Un volant couleur champagne, par Carole Menahem-Lilin

Première partie d'une nouvelle qui m'a été inspirée par trois cartes postales... La suite demain et après-demain. Carole

Ferrari_electrique

I

Au salon des trouvailles, Ania regarde des enfants tourner autour de la création oscarisée, une voiture à taille suffisante pour qu’un jeune conducteur de sept à dix ans puisse monter dedans et l’actionner. L’auto a une petite batterie, elle peut avancer, faire des signaux, vrombir… Ania est fascinée. Elle aurait voulu avoir cette idée. Elle n’est pourtant pas inventrice ! Elle aurait voulu pouvoir offrir un jouet pareil à ses enfants… elle n’a pourtant pas d’enfants ! Peut-être pourra-t-elle commander le modèle pour sa boutique…

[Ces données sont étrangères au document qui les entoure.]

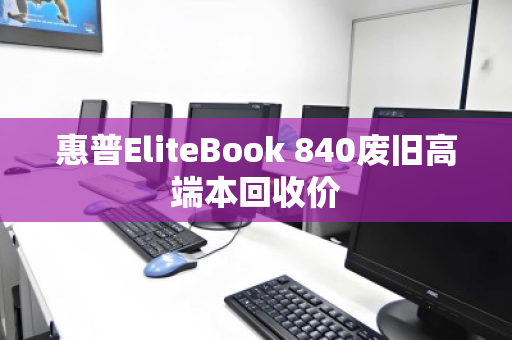 惠普EliteBook 840废旧高端本回收价 惠普EliteBook 840废旧高端本回收价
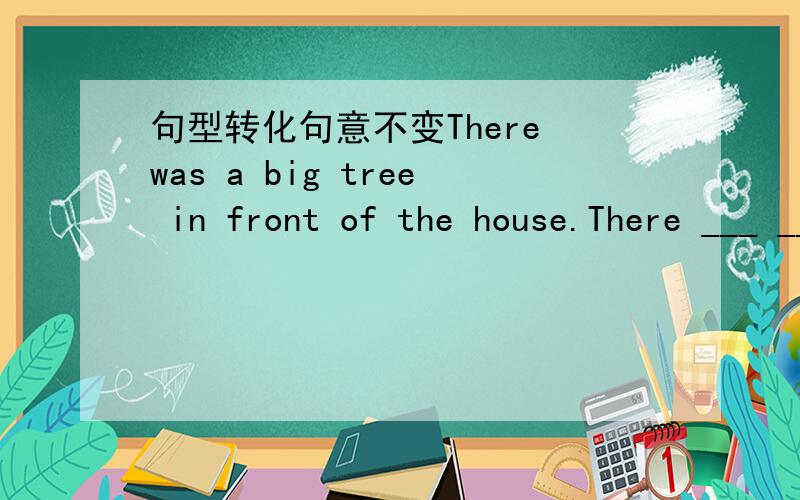 句型转化句意不变There was a big tree in front of the house.There ___ ___ ___ in front of the house.不好意思是There ___ ___ ___ a big tree in front of the house.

Elle est venue ici parce que Marco, son voisin décorateur, a conçu l’un des stands, et a reçu des entrées gratuites. « Trois entrées ! lui avait-il dit hier en la regardant droit dans les yeux. Mais, a-t-il ajouté, c’est avec vous… c’est avec toi que j’ai envie d’y aller ». Ania  avait hésité à accepter une invitation formulée avec une telle intensité. Puis elle s’était rendu compte que le regard doré et direct du garçon lui plaisait, et que finalement, sa formulation directe aussi. Elle a donc hoché la tête, sans sourire pourtant – elle n’est pas encore capable de sourire. Le sourire signifie la légèreté ou la confiance, et elle en est encore loin.

II

La dernière fois qu’elle  avait accordé sa confiance, c’était il y a quatre ans. L’homme au volant de la grande américaine, qui lui souriait, puis qui garait la voiture sur un accotement face à la mer, puis qui l’embrassait, cet homme-là représentait croyait-elle son avenir. Puisqu’il le lui demandait, elle avait accepté de s’installer à ses côtés, sur le siège passager, et de le laisser la conduire où il voulait l’emmener – pour le meilleur et le pire.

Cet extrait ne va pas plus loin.